AIM OF THE EXERCISE: Would it be possible to output exactly, and only, the lines below from the one holding "1 MSG Stablehopper" to the last line, both included, with every picture left out?

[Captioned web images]
= = =

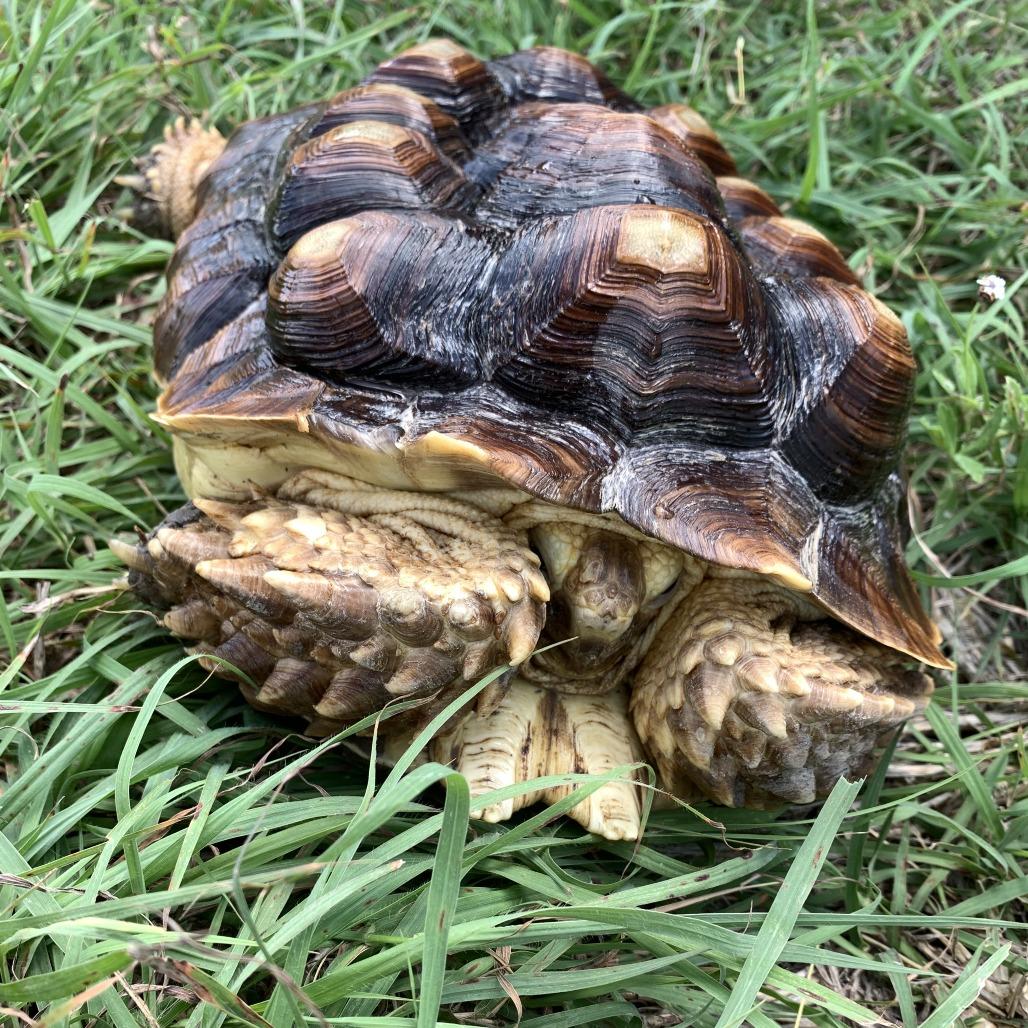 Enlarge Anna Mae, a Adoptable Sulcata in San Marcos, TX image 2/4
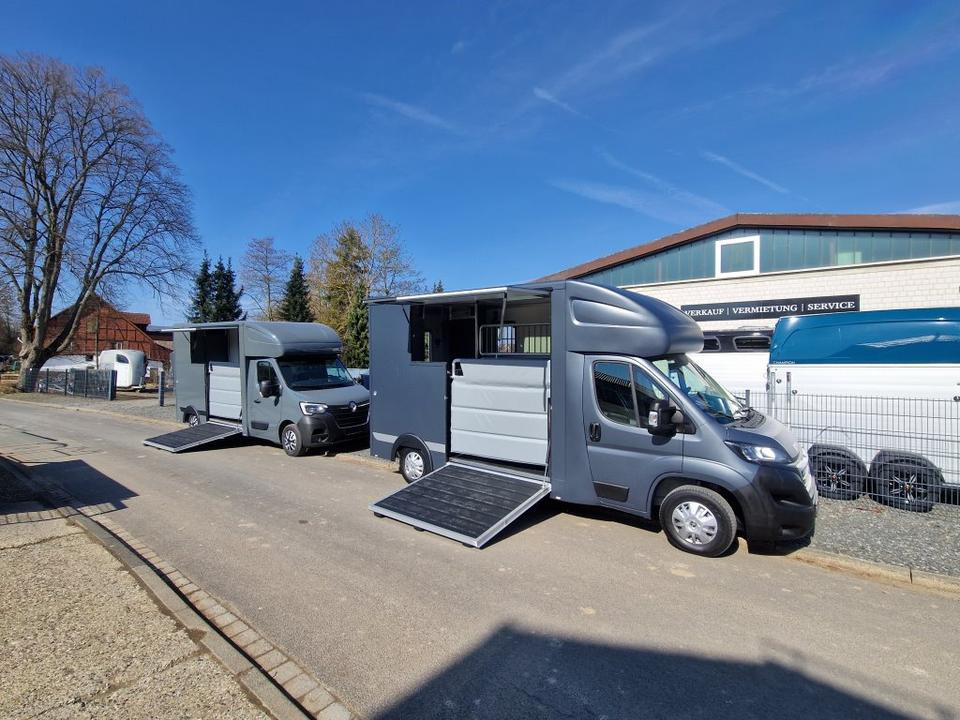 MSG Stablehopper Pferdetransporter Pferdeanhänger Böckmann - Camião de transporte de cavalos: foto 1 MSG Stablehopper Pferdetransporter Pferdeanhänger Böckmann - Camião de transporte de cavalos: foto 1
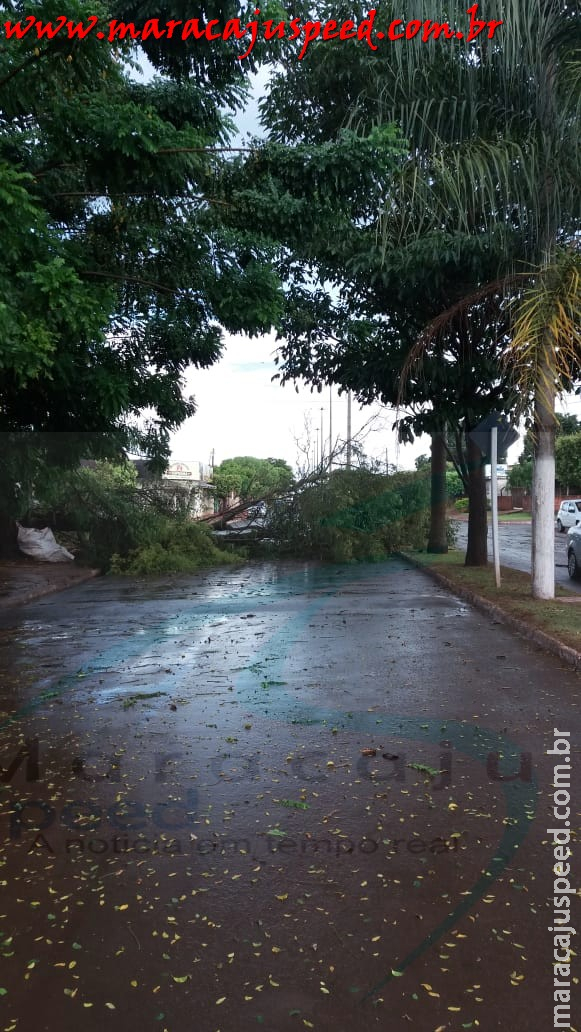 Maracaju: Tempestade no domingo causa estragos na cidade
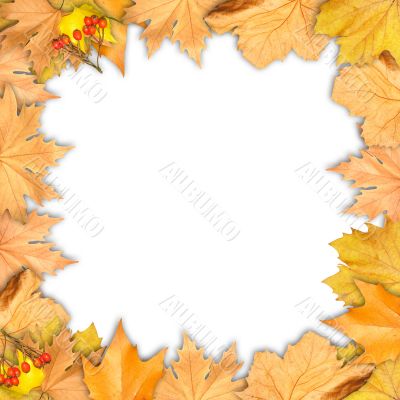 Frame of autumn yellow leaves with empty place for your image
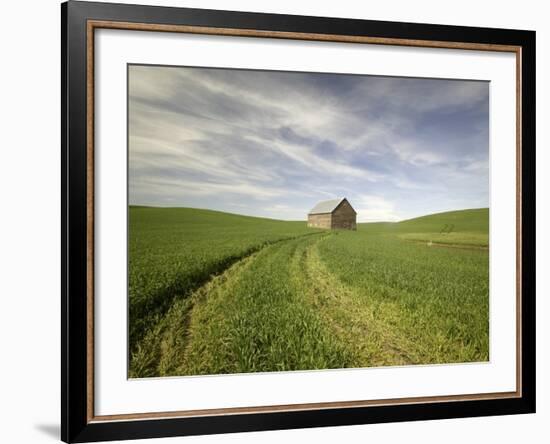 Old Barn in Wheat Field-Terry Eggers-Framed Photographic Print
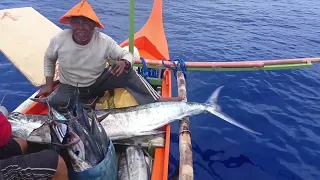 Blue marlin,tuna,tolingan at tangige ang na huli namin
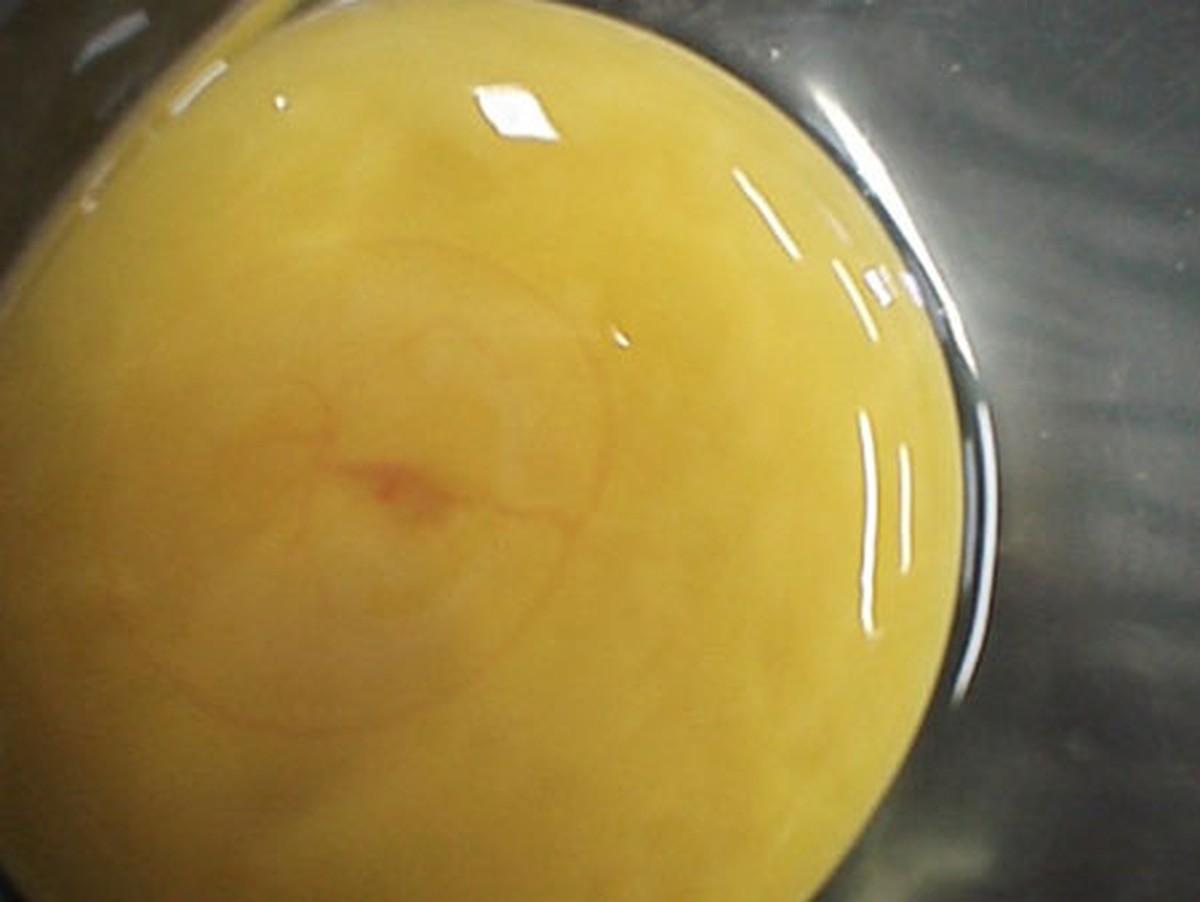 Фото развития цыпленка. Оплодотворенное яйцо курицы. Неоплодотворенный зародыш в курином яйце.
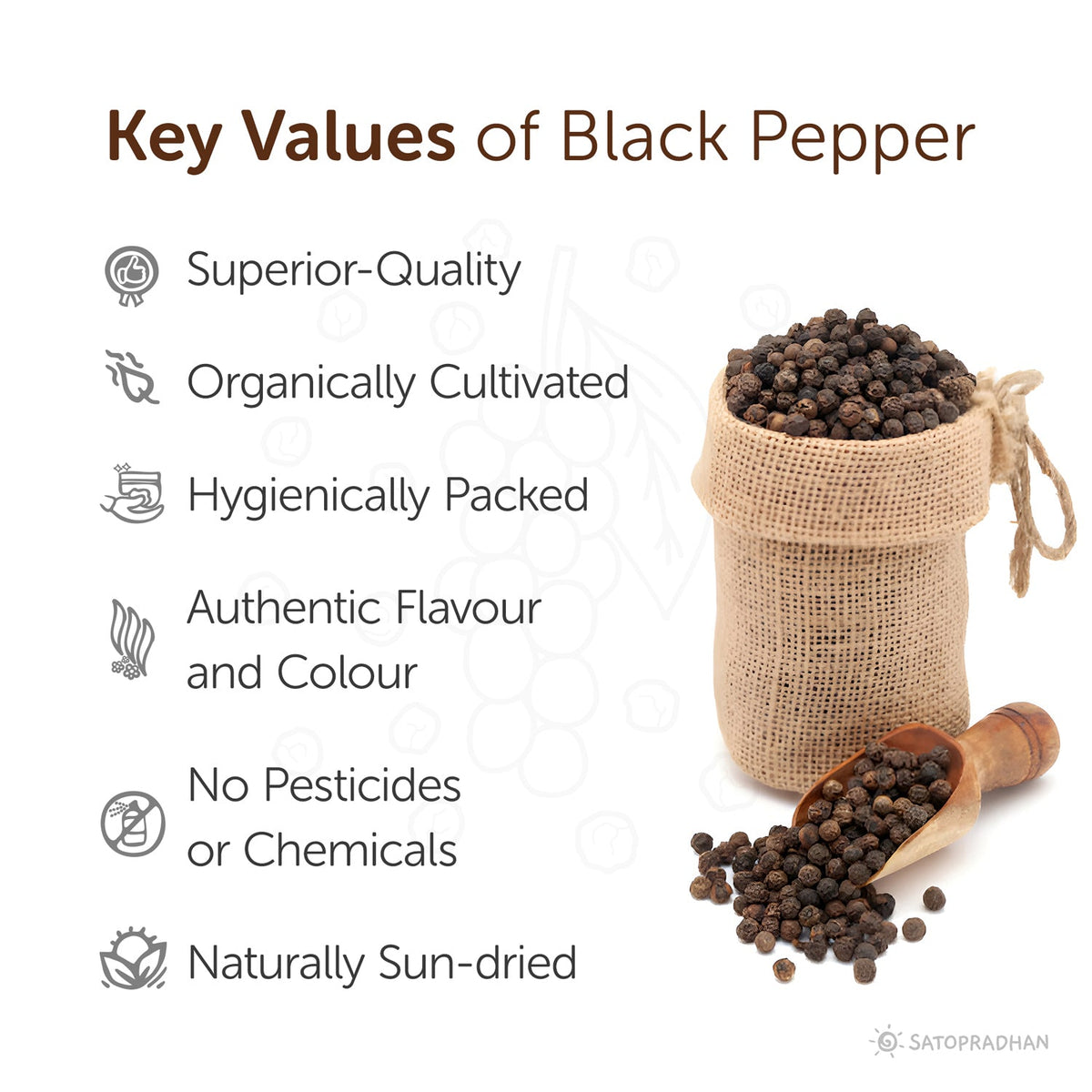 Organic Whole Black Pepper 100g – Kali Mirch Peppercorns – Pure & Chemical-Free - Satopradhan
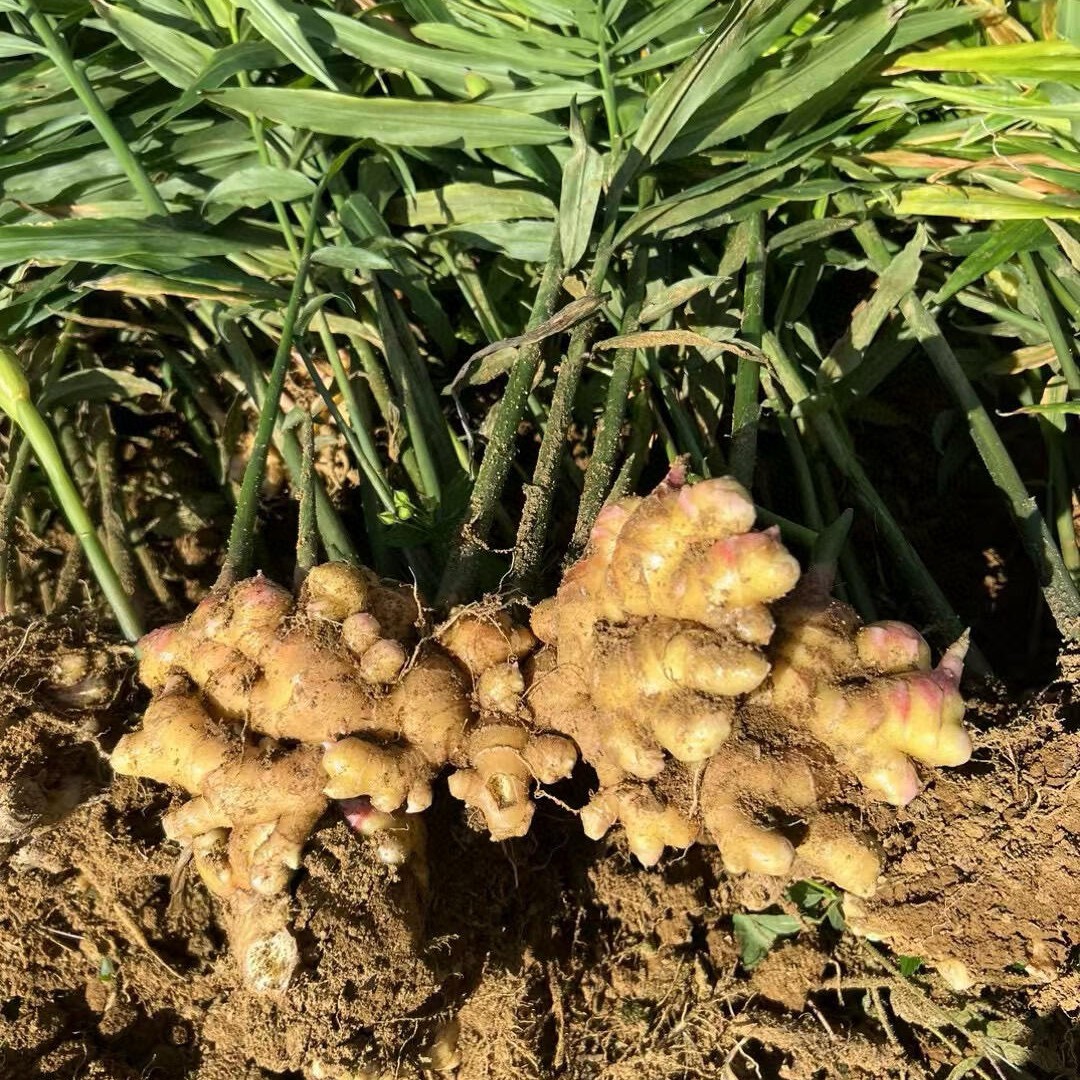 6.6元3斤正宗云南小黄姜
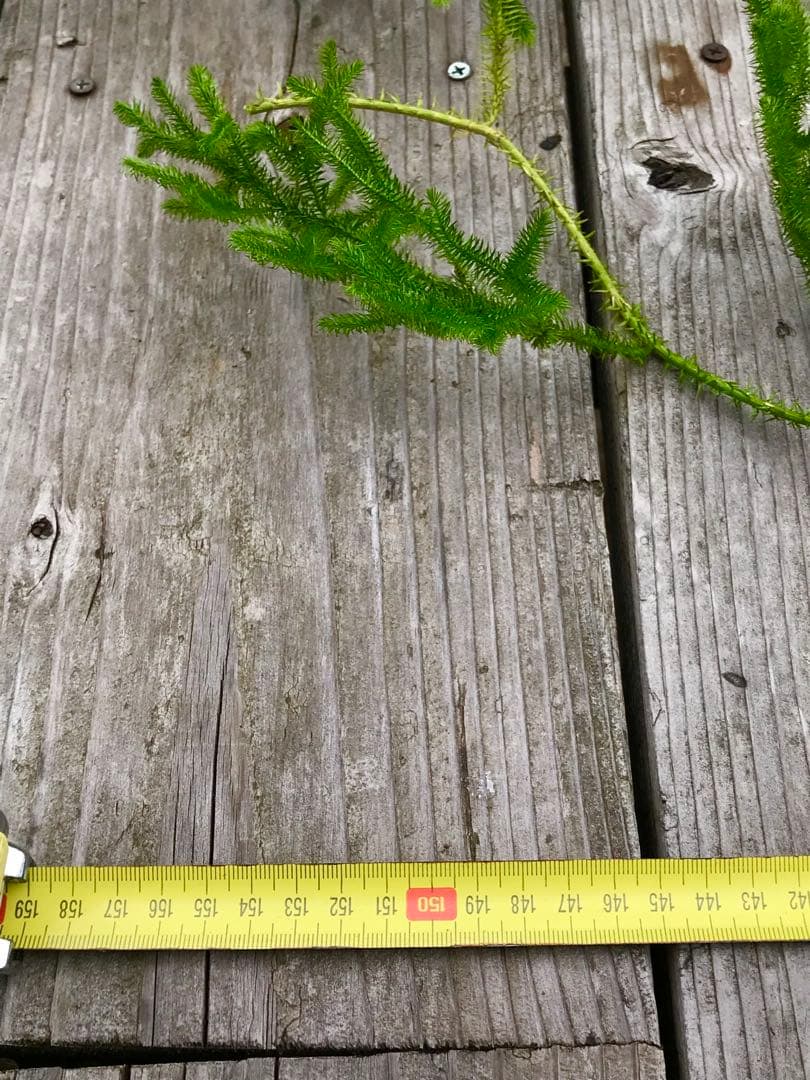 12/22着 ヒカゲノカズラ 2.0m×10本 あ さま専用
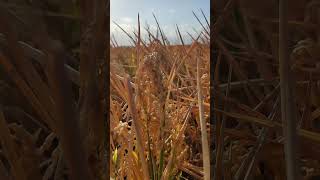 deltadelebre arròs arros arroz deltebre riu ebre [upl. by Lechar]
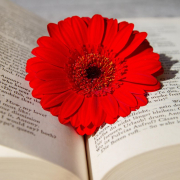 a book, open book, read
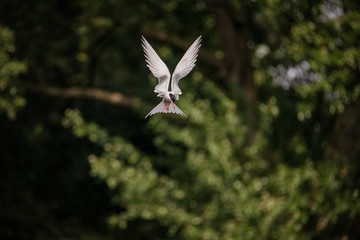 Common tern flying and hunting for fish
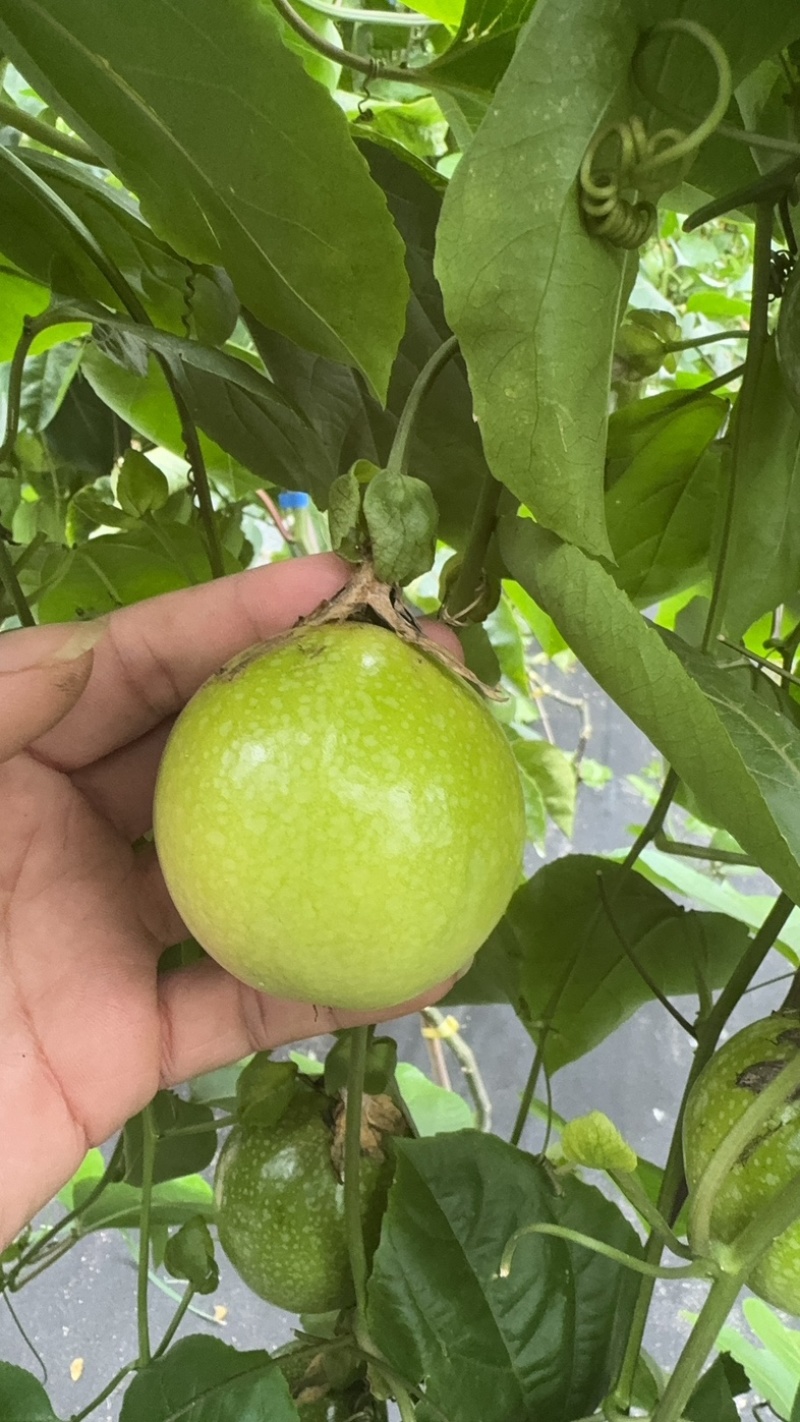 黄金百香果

= = =

OUTPUT OF THE TASK:
 MSG Stablehopper Pferdetransporter Pferdeanhänger Böckmann - Camião de transporte de cavalos: foto 1 MSG Stablehopper Pferdetransporter Pferdeanhänger Böckmann - Camião de transporte de cavalos: foto 1
 Maracaju: Tempestade no domingo causa estragos na cidade
 Frame of autumn yellow leaves with empty place for your image
 Old Barn in Wheat Field-Terry Eggers-Framed Photographic Print
 Blue marlin,tuna,tolingan at tangige ang na huli namin
 Фото развития цыпленка. Оплодотворенное яйцо курицы. Неоплодотворенный зародыш в курином яйце.
 Organic Whole Black Pepper 100g – Kali Mirch Peppercorns – Pure & Chemical-Free - Satopradhan
 6.6元3斤正宗云南小黄姜
 12/22着 ヒカゲノカズラ 2.0m×10本 あ さま専用
 deltadelebre arròs arros arroz deltebre riu ebre [upl. by Lechar]
 a book, open book, read
 Common tern flying and hunting for fish
 黄金百香果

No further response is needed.